Texas A&M University at College Station offers a separate ABET-accredited undergraduate program in ocean engineering administered within the Department of Civil Engineering. There are about 100 students in the ocean engineering program. Seven Bachelor of Science degrees and about the same number of Master of Science and Master of Engineering degrees have been awarded in each of the last several years.
Texas A&M University at Galveston is a special purpose institution of higher education for undergraduate education in marine and maritime studies in science,
engineering, and business for research in public service related to the general field of marine resources. There are programs in marine engineering, in which about 30 students enroll each year, and a program in naval architecture and marine engineering, in which about 20 students enroll annually.
The Virginia Polytechnic Institute and State University program in ocean engineering is part of the Department of Aerospace and Ocean Engineering and has an undergraduate enrollment of about 50 students (not including first-year students) and about 10 graduate students. The educational thrust is the preparation of students for the capstone preliminary ship or offshore platform design course, which is taken during the final year.
Four members of the faculty of the Department of Aerospace and Ocean Engineering teach ocean engineering. The research level at the university is generally of the same quality as at the other institutions discussed here; however, research is not nearly as extensive in the marine field because of the smaller number of investigators. Research is concentrated on ship structures and computer applications, and submarine hydrodynamics.
The Webb Institute of Naval Architecture, now known as Webb Institute, began teaching naval architecture in the Bronx, New York. The school was established under an endowment from William H. Webb, a successful shipbuilder, and that endowment, along with other gifts, enables the school to offer full-tuition scholarships to all students. The school moved to an estate at Glen Cove, Long Island, in 1947. Although the name of the school was recently changed to Webb Institute, the educational program is still directed toward undergraduate naval architecture and marine engineering.
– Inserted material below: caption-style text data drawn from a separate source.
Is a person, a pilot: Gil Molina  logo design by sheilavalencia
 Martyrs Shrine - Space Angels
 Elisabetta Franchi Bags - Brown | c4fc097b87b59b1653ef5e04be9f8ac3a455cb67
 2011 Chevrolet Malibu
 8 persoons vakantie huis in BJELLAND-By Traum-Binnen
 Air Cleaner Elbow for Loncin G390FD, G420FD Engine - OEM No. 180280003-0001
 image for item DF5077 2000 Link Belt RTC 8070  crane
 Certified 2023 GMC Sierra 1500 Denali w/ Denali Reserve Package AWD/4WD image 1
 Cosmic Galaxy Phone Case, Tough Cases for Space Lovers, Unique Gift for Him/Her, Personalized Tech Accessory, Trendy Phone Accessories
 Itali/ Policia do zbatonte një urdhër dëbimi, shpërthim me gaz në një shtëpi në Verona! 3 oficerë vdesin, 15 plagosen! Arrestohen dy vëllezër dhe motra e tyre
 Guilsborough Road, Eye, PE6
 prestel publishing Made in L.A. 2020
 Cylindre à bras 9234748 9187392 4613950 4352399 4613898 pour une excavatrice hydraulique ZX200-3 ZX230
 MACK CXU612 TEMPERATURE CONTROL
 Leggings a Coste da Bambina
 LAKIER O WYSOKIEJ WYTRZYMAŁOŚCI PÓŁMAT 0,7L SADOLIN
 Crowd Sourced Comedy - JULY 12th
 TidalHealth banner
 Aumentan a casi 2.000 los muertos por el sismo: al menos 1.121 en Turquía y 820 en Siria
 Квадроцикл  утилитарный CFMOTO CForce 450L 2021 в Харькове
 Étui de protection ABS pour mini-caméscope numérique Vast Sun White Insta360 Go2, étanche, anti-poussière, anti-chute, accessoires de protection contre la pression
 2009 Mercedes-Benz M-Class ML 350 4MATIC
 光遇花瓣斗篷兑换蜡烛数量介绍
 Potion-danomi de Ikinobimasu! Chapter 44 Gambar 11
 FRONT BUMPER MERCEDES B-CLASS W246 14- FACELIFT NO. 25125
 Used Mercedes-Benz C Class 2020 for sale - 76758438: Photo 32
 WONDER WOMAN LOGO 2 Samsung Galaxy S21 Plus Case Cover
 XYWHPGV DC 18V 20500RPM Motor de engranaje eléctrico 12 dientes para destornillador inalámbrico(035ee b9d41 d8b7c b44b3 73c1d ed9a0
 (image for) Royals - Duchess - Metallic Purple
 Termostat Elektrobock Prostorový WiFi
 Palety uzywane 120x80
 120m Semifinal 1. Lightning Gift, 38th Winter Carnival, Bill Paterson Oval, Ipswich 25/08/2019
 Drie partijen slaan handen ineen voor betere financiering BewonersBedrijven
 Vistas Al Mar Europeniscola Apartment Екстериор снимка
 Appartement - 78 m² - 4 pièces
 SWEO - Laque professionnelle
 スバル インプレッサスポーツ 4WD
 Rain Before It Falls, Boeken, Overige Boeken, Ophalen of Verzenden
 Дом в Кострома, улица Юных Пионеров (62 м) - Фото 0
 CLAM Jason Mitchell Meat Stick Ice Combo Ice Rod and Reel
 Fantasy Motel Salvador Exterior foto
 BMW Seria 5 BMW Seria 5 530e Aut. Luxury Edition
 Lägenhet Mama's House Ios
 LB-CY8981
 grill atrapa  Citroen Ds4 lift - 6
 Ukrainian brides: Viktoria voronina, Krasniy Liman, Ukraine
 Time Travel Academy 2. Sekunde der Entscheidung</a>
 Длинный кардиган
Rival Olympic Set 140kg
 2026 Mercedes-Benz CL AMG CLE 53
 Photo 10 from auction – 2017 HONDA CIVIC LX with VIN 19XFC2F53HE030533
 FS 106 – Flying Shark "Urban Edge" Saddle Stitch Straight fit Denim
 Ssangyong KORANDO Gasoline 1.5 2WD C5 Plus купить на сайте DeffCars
Webb Institute admits 24 students every year, and the total enrollment is about 80 undergraduate students. The curriculum includes an eight-week winter work term, during which students engage in practical work at shipyards, aboard ship in the engine room, in design offices, or in course-related industries. There is currently no graduate program. Webb students must be U.S. citizens.
Webb has a faculty of about 10 professors and several research professors. Research is conducted through the Center for Maritime Studies in the fields of theoretical hydrodynamics, finite-element structural analysis, model tests, ship data collection, industrial engineering, management science, economic analysis, marine engineering, probability theory, and systems analysis.